Problem details> Repeat verbatim, and only, the lines of the data below, beginning at the line that contains "Tommy Hilfiger Ashton" and stopping after the line that contains "GP663 Sundries Pack".

Records>
○ ○ ○ ○
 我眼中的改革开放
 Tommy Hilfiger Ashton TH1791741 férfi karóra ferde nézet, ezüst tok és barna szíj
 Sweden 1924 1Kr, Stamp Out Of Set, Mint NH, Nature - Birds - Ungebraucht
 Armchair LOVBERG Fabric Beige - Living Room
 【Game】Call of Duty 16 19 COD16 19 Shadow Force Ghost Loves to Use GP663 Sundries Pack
○ ○ ○ ○
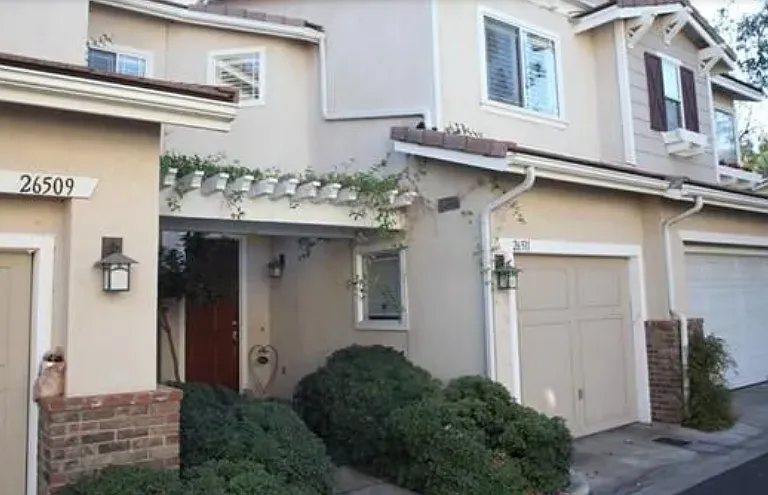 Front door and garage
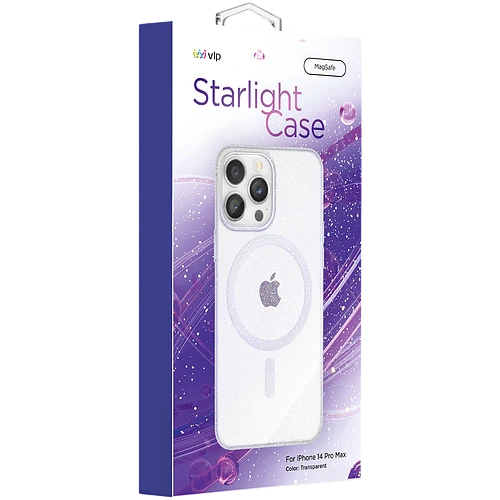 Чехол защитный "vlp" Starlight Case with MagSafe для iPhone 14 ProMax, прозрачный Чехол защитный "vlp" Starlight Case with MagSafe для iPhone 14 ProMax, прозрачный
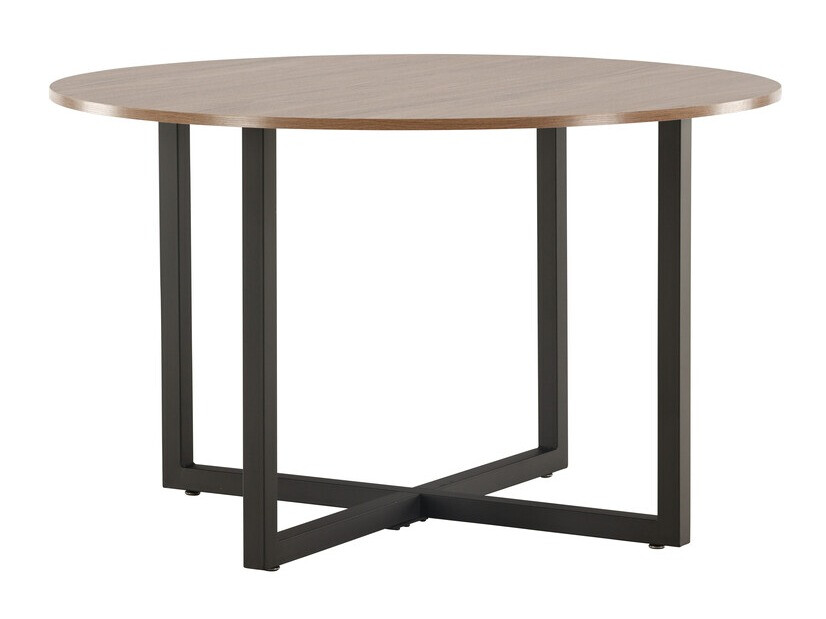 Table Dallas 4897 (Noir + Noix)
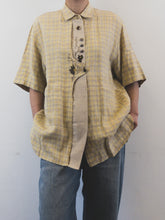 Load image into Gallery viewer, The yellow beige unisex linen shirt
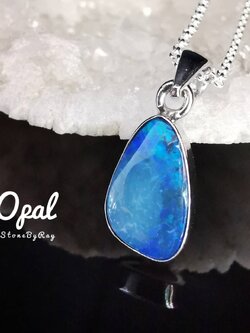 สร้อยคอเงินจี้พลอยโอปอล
○ ○ ○ ○
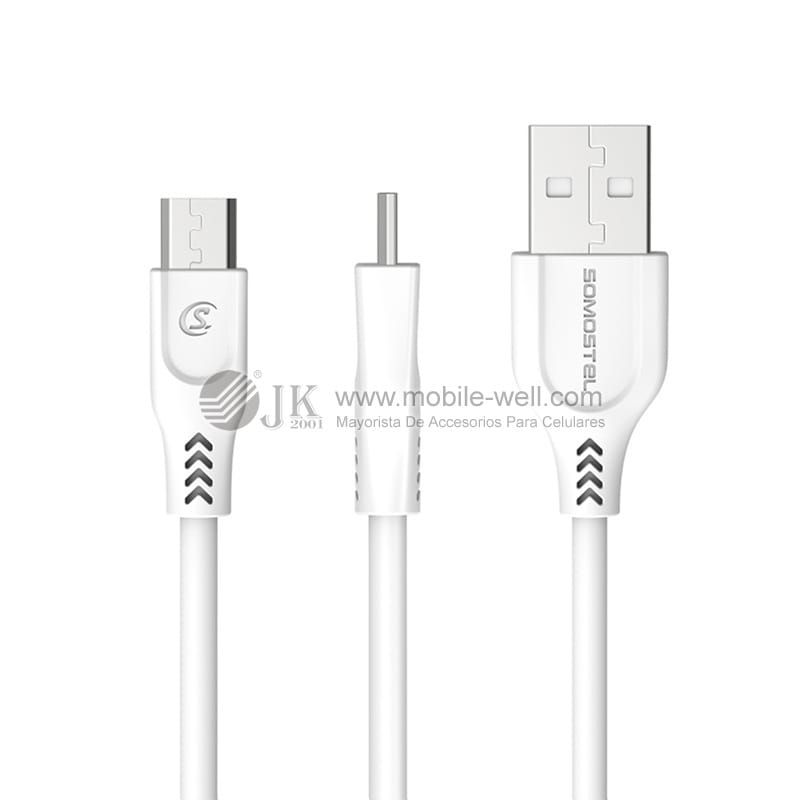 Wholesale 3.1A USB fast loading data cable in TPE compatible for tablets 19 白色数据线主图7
○ ○ ○ ○
Reply to the exercise>
 Tommy Hilfiger Ashton TH1791741 férfi karóra ferde nézet, ezüst tok és barna szíj
 Sweden 1924 1Kr, Stamp Out Of Set, Mint NH, Nature - Birds - Ungebraucht
 Armchair LOVBERG Fabric Beige - Living Room
 【Game】Call of Duty 16 19 COD16 19 Shadow Force Ghost Loves to Use GP663 Sundries Pack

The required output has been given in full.